*WORK ORDER*. Images within the entries are to be omitted; the remainder must be reproduced exactly.

### AVAILABLE DATA ###

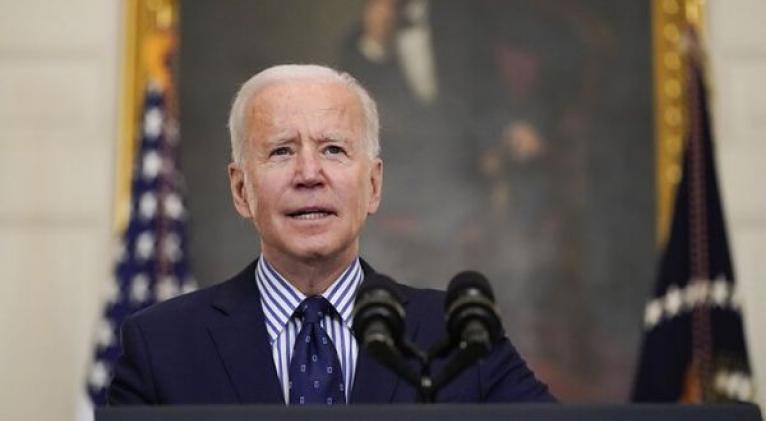 “Este plan nos pone en camino de vencer al virus y les brinda a las familias con más dificultades la ayuda y el respiro que necesitan para superar este momento”, dijo Biden. Foto: AP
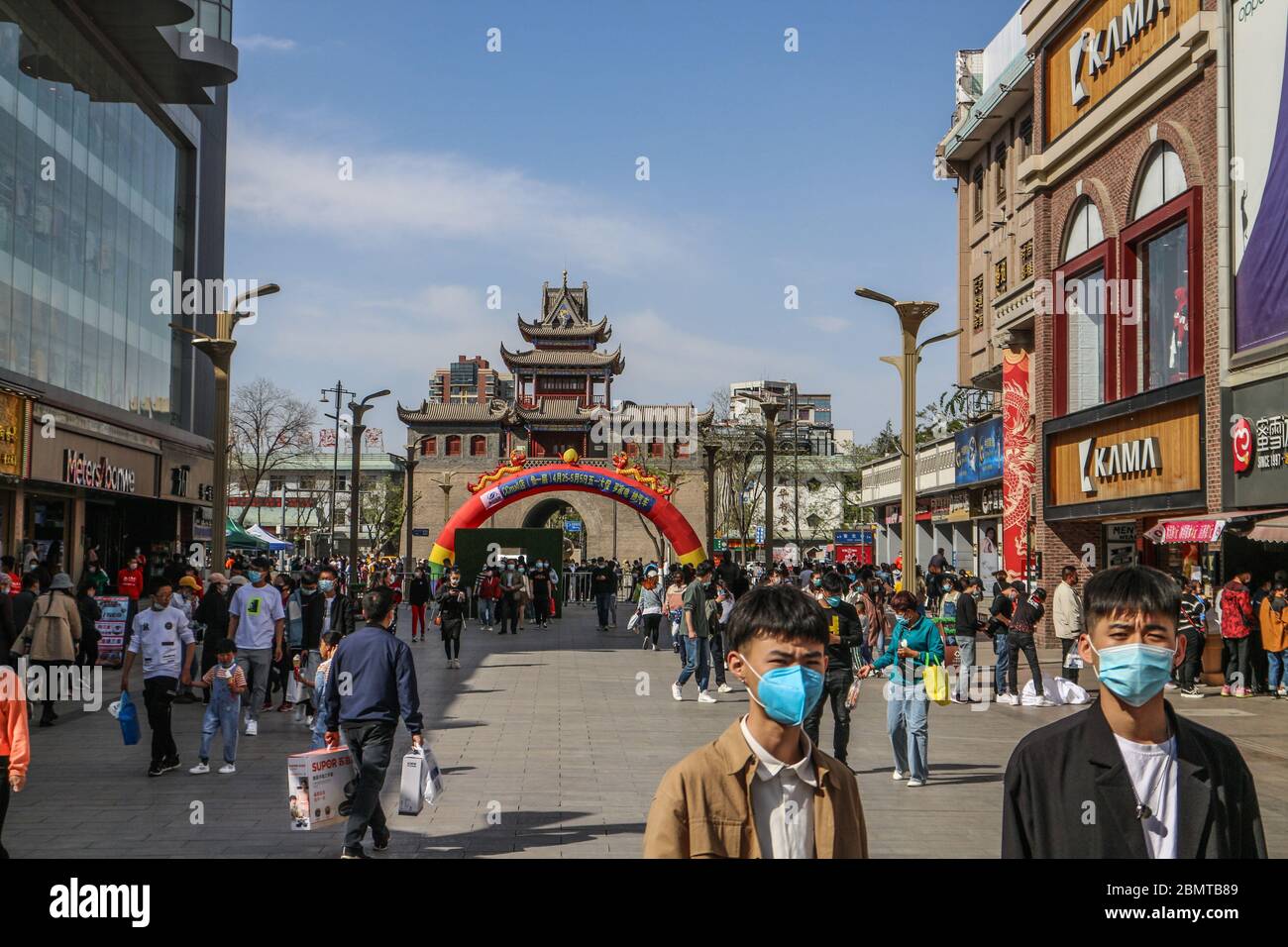 April 25, 2020, Yinchuan, China: Shoppers wearing face masks as a preventive measure against the spread of coronavirus walk at the shopping district of Yinchuan..Economy and life outdoor are slowly returning to normal in Yinchuan as the covid-19 pandemic weakens in China, (Credit Image: © Thibaud Mougin/SOPA Images via ZUMA Wire) Stock Photo
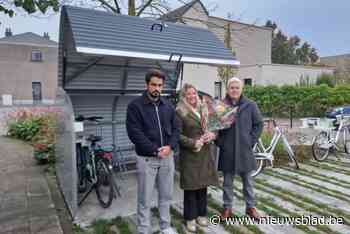 Eerste fietsbox van Hove in gebruik genomen: “Betere plaats voor de fiets dan in mijn inkomhal”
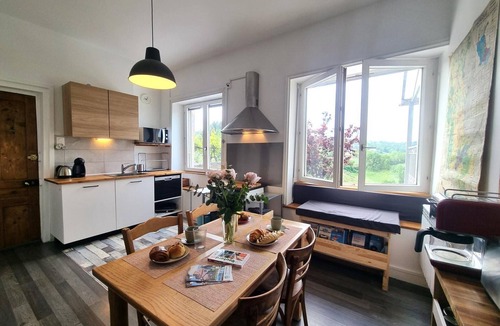 Saint-Genest-Lerpt Cottage | Charming apartment with bright terrace in St-Etienne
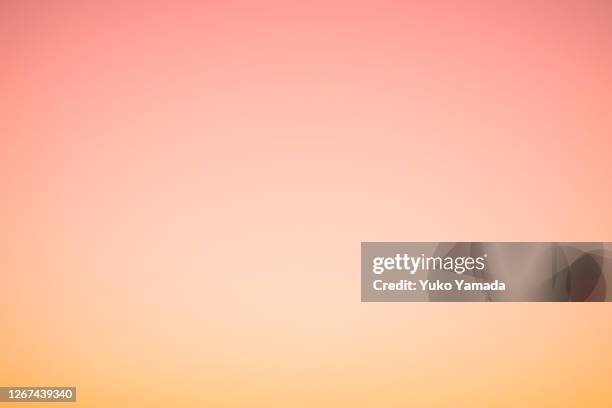 cloud typologies - orange colour gradient morning sky - fond orange fotografías e imágenes de stock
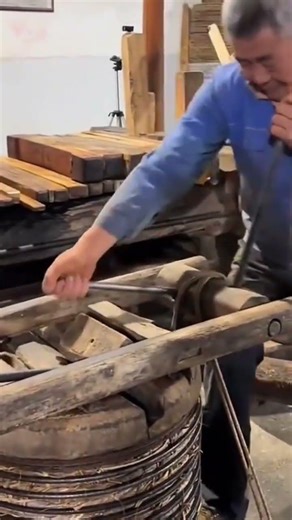 One example of a tutorial for a coconut fiber number to make or extract oil#shorts #trending #viral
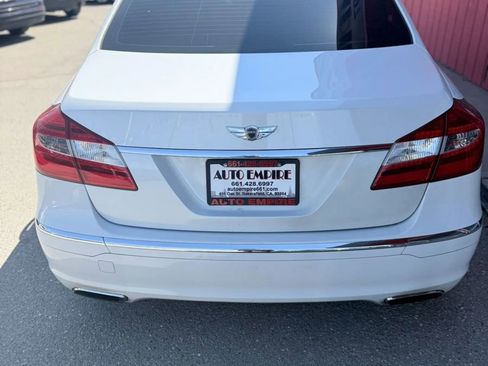 Used 2012 Hyundai Genesis 3.8 RWD image 4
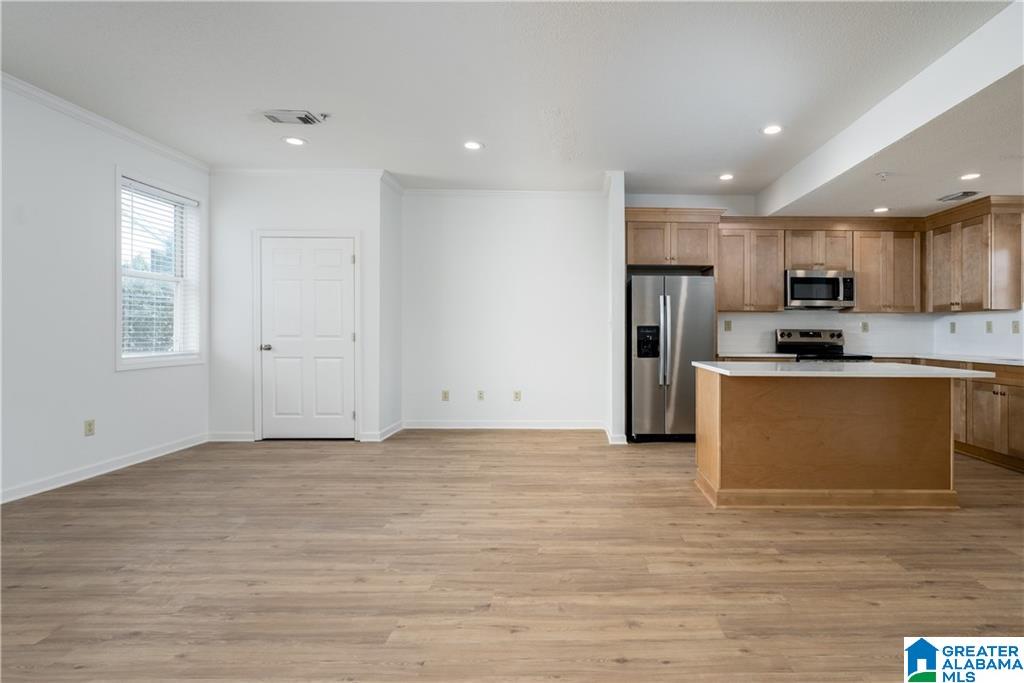 900 GENE STALLINGS AVENUE 8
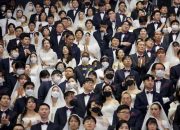 Pernikahan Massal Korea Selatan menarik Puluhan ribu orang meskipun ada kekhawatiran akan virus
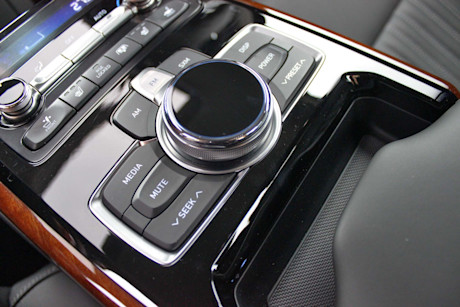 Editorial 2017 genesis g90 33t 32 dh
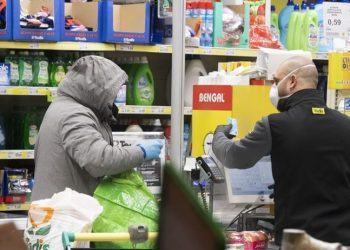Stress da coronavirus a Latina, lite per la fila al supermercato: interviene la polizia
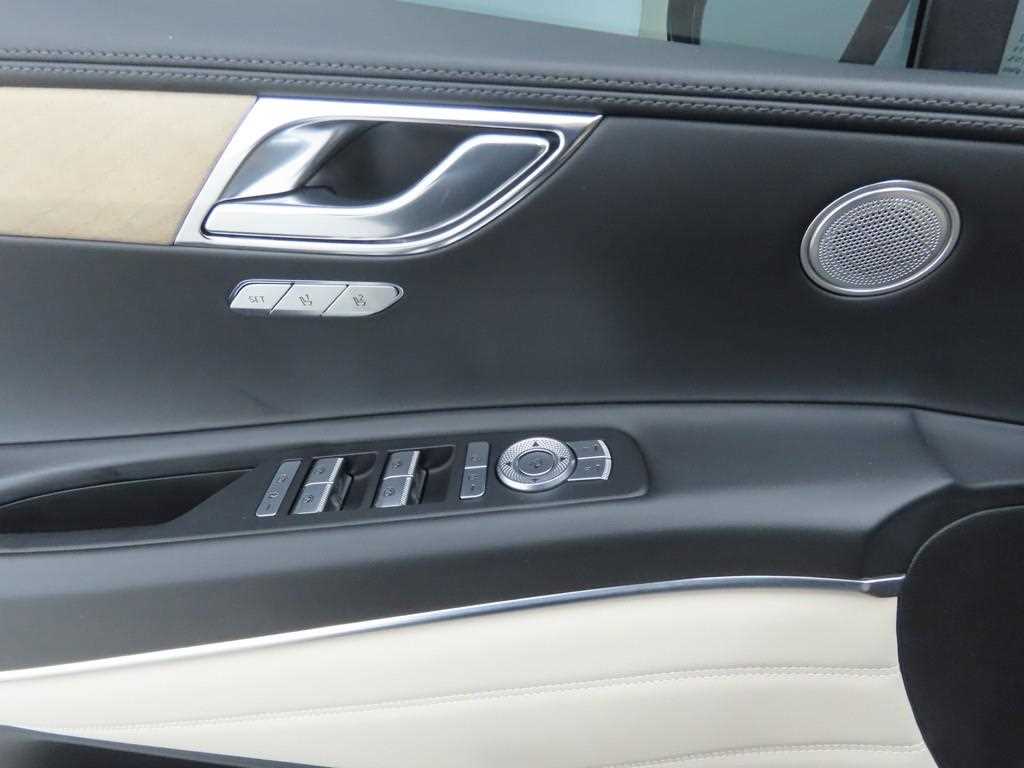 Genesis GV80 - Vista 9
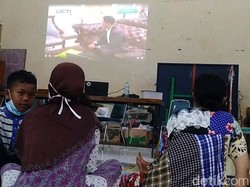 Pemkot Pekalongan Minta Maaf Soal Viral Petugas Dinsos Karaokean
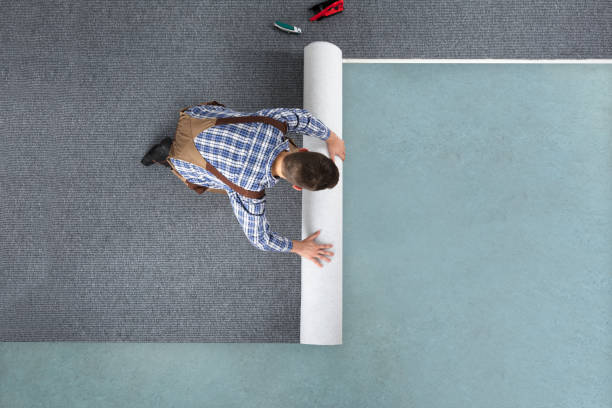trabajador de sexo masculino jóvenes overol laminado alfombra - alfombra fotografías e imágenes de stock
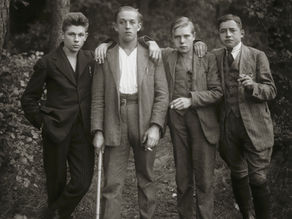 Aquella generación que no estaba obsesionada con pasar a la posteridad en imágenes, sino, más bien, se retiraba con timidez a su espacio vital ante tales eventos –como Schopenhauer hundido en la profundidad de su sillón en el retrato de Frankfurt, alrededor de 1850–, permitió, justamente por eso, que ese espacio vital también quedara registrado en la placa: esa generación no ha legado sus virtudes. 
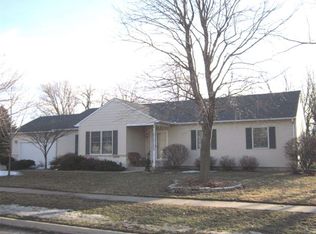 810 Willow Dr, Geneseo, IL 61254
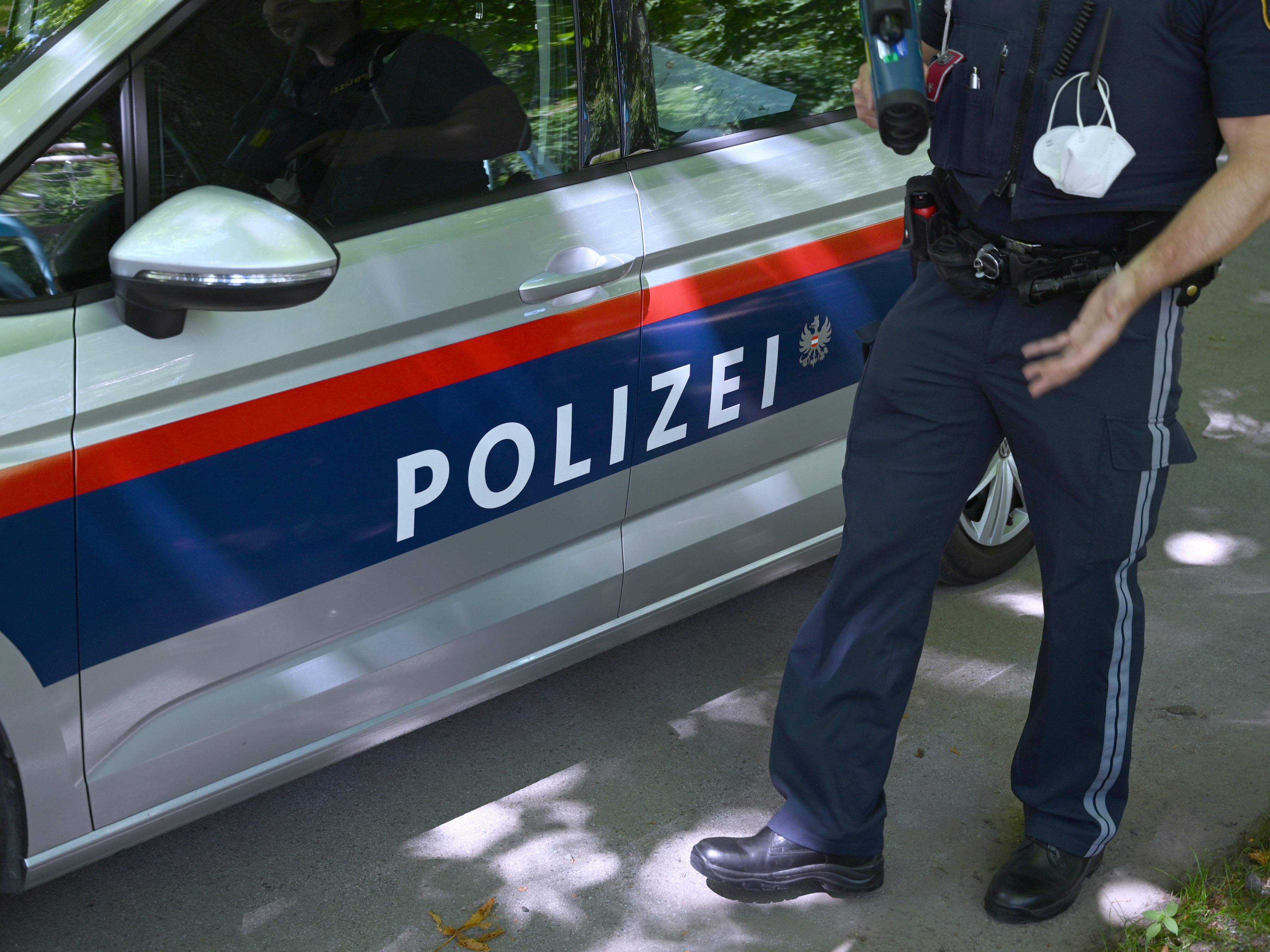 Ein Mann wurde am Freitag nach einer Personenkontrolle wegen Raub festgenommen. Ein Mann wurde am Freitag nach einer Personenkontrolle wegen Raub festgenommen.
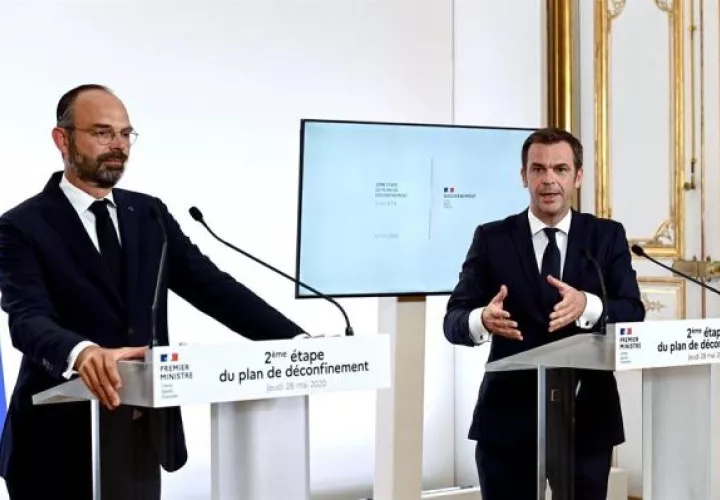 El jefe de Gobierno, Édouard Philippe, anunció el fin de la limitación de desplazamientos en Francia en un perímetro de cien kilómetros, disposición con la que pretendían controlar la circulación del virus entre territorios con mayor o menor incidencia de casos. FOTO/EFE
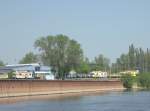 Der Saalekai am Flukilometer 87,3 des Hafens Halle Trotha aufgenommen aus dem Kajak am 02.05.2012 um 14:33 Uhr 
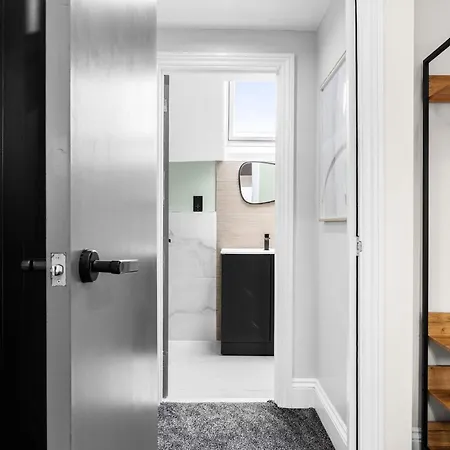 Sleeps 14 The Old Trafford Family Zen By Genesis Living *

###

*COMPLETED TASK*.
 “Este plan nos pone en camino de vencer al virus y les brinda a las familias con más dificultades la ayuda y el respiro que necesitan para superar este momento”, dijo Biden. Foto: AP
 April 25, 2020, Yinchuan, China: Shoppers wearing face masks as a preventive measure against the spread of coronavirus walk at the shopping district of Yinchuan..Economy and life outdoor are slowly returning to normal in Yinchuan as the covid-19 pandemic weakens in China, (Credit Image: © Thibaud Mougin/SOPA Images via ZUMA Wire) Stock Photo
 Eerste fietsbox van Hove in gebruik genomen: “Betere plaats voor de fiets dan in mijn inkomhal”
 Saint-Genest-Lerpt Cottage | Charming apartment with bright terrace in St-Etienne
 cloud typologies - orange colour gradient morning sky - fond orange fotografías e imágenes de stock
 One example of a tutorial for a coconut fiber number to make or extract oil#shorts #trending #viral
 Used 2012 Hyundai Genesis 3.8 RWD image 4
 900 GENE STALLINGS AVENUE 8
 Pernikahan Massal Korea Selatan menarik Puluhan ribu orang meskipun ada kekhawatiran akan virus
 Editorial 2017 genesis g90 33t 32 dh
Stress da coronavirus a Latina, lite per la fila al supermercato: interviene la polizia
 Genesis GV80 - Vista 9
 Pemkot Pekalongan Minta Maaf Soal Viral Petugas Dinsos Karaokean
trabajador de sexo masculino jóvenes overol laminado alfombra - alfombra fotografías e imágenes de stock
 Aquella generación que no estaba obsesionada con pasar a la posteridad en imágenes, sino, más bien, se retiraba con timidez a su espacio vital ante tales eventos –como Schopenhauer hundido en la profundidad de su sillón en el retrato de Frankfurt, alrededor de 1850–, permitió, justamente por eso, que ese espacio vital también quedara registrado en la placa: esa generación no ha legado sus virtudes. 
 810 Willow Dr, Geneseo, IL 61254
 Ein Mann wurde am Freitag nach einer Personenkontrolle wegen Raub festgenommen. Ein Mann wurde am Freitag nach einer Personenkontrolle wegen Raub festgenommen.
 El jefe de Gobierno, Édouard Philippe, anunció el fin de la limitación de desplazamientos en Francia en un perímetro de cien kilómetros, disposición con la que pretendían controlar la circulación del virus entre territorios con mayor o menor incidencia de casos. FOTO/EFE
 Der Saalekai am Flukilometer 87,3 des Hafens Halle Trotha aufgenommen aus dem Kajak am 02.05.2012 um 14:33 Uhr 
 Sleeps 14 The Old Trafford Family Zen By Genesis Living *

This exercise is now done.